Mohsin Zaidi
Most large organisations have rebuilt their diversity language faster than they have rebuilt the conditions that make difference safe to disclose. Senior people from minority backgrounds still calibrate what to bring to work, what to suppress, and at what cost to their performance. Leaders need a clearer account of where the gap between stated values and lived experience actually sits, and what closes it.
Mohsin Zaidi is an award-winning author and barrister who helps organisations understand what intersectional identity costs inside elite professional environments, and what genuine inclusion looks like beyond policy.
Full Profile
Why organisations work with Mohsin Zaidi
- He speaks about inclusion from inside the institutions that struggle most with it: the English Bar, the UK Supreme Court, magic-circle law, and a global strategic advisory firm. The argument carries because the credentials are the audience’s own.

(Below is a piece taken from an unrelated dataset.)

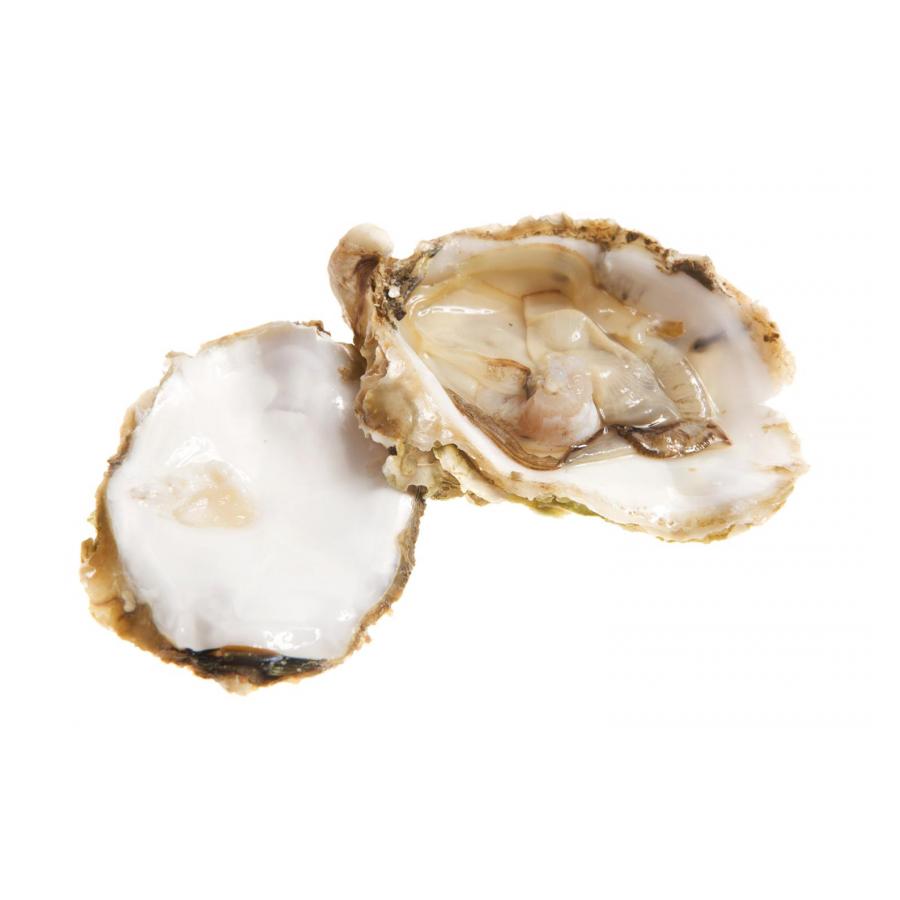Oysters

- A Dutiful Boy is the only memoir to win both the Lambda Literary Award and the Polari First Book Prize while also being named Book of the Year by The Guardian, GQ and New Statesman. That literary standing changes how a corporate audience receives a personal story.
- His subject is the specific friction between social mobility, faith, race and sexuality, not a single identity strand. Useful for organisations whose inclusion conversations have plateaued on single-axis framing.
- He has done the unglamorous work alongside the writing: trustee of Stonewall, former board member of London Pride, named on The Lawyer Hot 100 and the FT future LGBT leaders list. The advocacy is institutional, not performative.
- He translates lived experience into questions a leadership team can act on, particularly on mental health stigma in ethnic minority communities, where most corporate wellbeing programmes are weakest.
Biography highlights
- Author of A Dutiful Boy (Penguin, 2020), winner of the Lambda Literary Award and the Polari First Book Prize.
- Book of the Year selections from The Guardian, GQ, New Statesman and Attitude.
- BA Law with European Legal Studies, Keble College, Oxford; qualified as a solicitor at Linklaters and a New York attorney.
- Judicial Assistant to Lord Sumption and Lord Wilson at the UK Supreme Court; criminal barrister at 6 King’s Bench Walk.
- Management consultant at Hakluyt & Company since 2021.
- Trustee of Stonewall; Financial Times top future LGBT leader; The Lawyer Hot 100.
Biography
Walthamstow to Keble College, Oxford was the first improbable journey. Linklaters, then the UK Supreme Court as Judicial Assistant to Lord Sumption and Lord Wilson, then the criminal Bar at 6 King’s Bench Walk, were the next. The institutions Mohsin Zaidi passed through are the same institutions that most struggle to retain people who look and sound like him.
A Dutiful Boy, published by Penguin in 2020, is the memoir of how those journeys actually felt from the inside. It won the Lambda Literary Award and the Polari First Book Prize, and was named Book of the Year by The Guardian, GQ, New Statesman and Attitude. The literary reception matters because it sets the register: this is not a corporate diversity talk dressed up as a story.
The argument Zaidi makes to organisations is narrow and useful. Single-axis inclusion frameworks (race, or class, or sexuality, or faith) miss what most people from minority backgrounds actually carry into work, which is the interaction effect. He is direct on mental health stigma inside ethnic minority communities, an area corporate wellbeing programmes routinely under-serve. He is a trustee of Stonewall and a former board member of London Pride, so the institutional knowledge sits alongside the personal one.
Since 2021 he has been a management consultant at Hakluyt & Company, alongside his writing and advocacy. The combination is what makes the work travel into senior commercial rooms: he is asking the same questions the partners and executives in front of him are asking, from a position that takes their context seriously.
Key speaking topics
- Intersectionality at work
- Social mobility in professional services
- Mental health stigma in ethnic minority communities
- LGBTQ+ inclusion in conservative cultures
- Race, faith and workplace identity
- Belonging and authenticity in elite institutions
Ideal for
- CHROs, heads of D&I and culture leads at professional services firms
- Law firm and financial services leadership audiences working on retention of minority talent
- ERGs, Pride networks and multicultural networks at large corporates
- Executive committees reviewing the substance, rather than the optics, of their inclusion programmes
Audience outcomes
- A clearer view of how race, faith, class and sexuality interact in the daily experience of minority staff.
- Specific language for talking about mental health in communities where the topic is stigmatised.
- A sharper sense of why retention of senior minority talent stalls in firms that recruit well.
- Permission for senior leaders to engage personal identity as a leadership question, not a compliance one.